Benjamin, I think, writes with a greater clarity than Orange, perhaps unencumbered with arabesques of philosophical side leaps, and explicates the usefulness of an analyst with her own subjectivity who “assumes a reality independent of the patient’s worrisome anxieties about having to be a caretaker for the analyst…[T]he analyst, being a subject in her own right, means she is the one who can take care of herself and regulate herself…” The patient is not re-traumatized by the “demand” to take care of and regulate, as the patient once did for the parent, the analyst.

Ringstrom wonders if Orange does not idealize [perhaps holding less than lightly] empathy (in much the same way classical analysts idealized anonymity, abstinence, and neutrality) because, when empathy fails, as it inevitably will, Orange does not offer alternative ways in, and out of, the fly bottle. Ringstrom offers an alternative: enactment. “Enactments allow access to self-states that are typically coded in implicit procedural memory…” Orange eschews Hegel [also a misrecognition, or being willfully obtuse, or merely a failure to enter Hegel’s language game?]: “…we should give up the search for the Hegelian self-conscious subject, with its implied demand for the other to re-cognize and create it.” And she eschews use of the term dialectic, preferring the term dialogic. Ringstrom, I think, describes a lovely dialectic that even intersubjective self psychologistslike Orange might recognize when he, using Benjamin’s inevitable negation, writes “assertions of self that take the other for granted (negation) often result in ruptures that force awareness (recognition) and often precipitate repair (mutual recognition).”
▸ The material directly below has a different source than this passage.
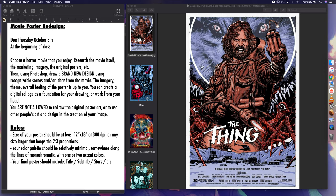Hey everyone, so this is our new assignment. This is the Movie Poster Redesign. So you're going to be taking a, you're going to choose a horror movie that you enjoy.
It is Slavin who stands easiest in the spaces between Self and Relational psychologies, balancing the tension between the two as he gives in his clinical example an elegant use of his subjectivity to meet the patient in her experiential world. His vignette describes how, in admitting his disinclination to be with the suffering of his patient, he paradoxically reaches the patient. Orange added her own vignette of a time when she, too, self disclosed her own failure to go into the fly bottle with her patient. She says about this disclosure, “I had given her what she needed to recognize me so that I could recognize her…” This, I think, is where Orange marries the relational subjectivity with self psychology’s empathy (neither the exclusive purview of the other, though often mischaracterized as if it were, as Orange did) and recognized that sometimes empathy allows us, consciously or unconsciously, to recognize that what the suffering other needs from us in this moment is our subjectivity.

Orange, D.M. (2010). Recognition as: Intersubjective Vulnerability in the Psyc... Int. J. Psychoanal. Self Psychol., 5:227-243.
Benjamin, J. (2010). Can We Recognize Each Other? Response to Donna Orange. Int. J. Psychoanal. Self Psychol., 5:244-256.
Ringstrom, P.A. (2010). Commentary on Donna Orange's, “Recognition as: Intersubjective Vulnerability in the Psychoanalytic Dialogue”
Int. J. Psychoanal. Self Psychol., 5:257-273.
Slavin, M.O. (2010). On Recognizing the Psychoanalytic Perspective of the Other... Int. J. Psychoanal. Self Psychol., 5:274-292.
Orange, D.M (2010). Revisiting Mutual Recognition: Responding to Ringstrom, B... Int. J. Psychoanal. Self Psychol., 5:293-306.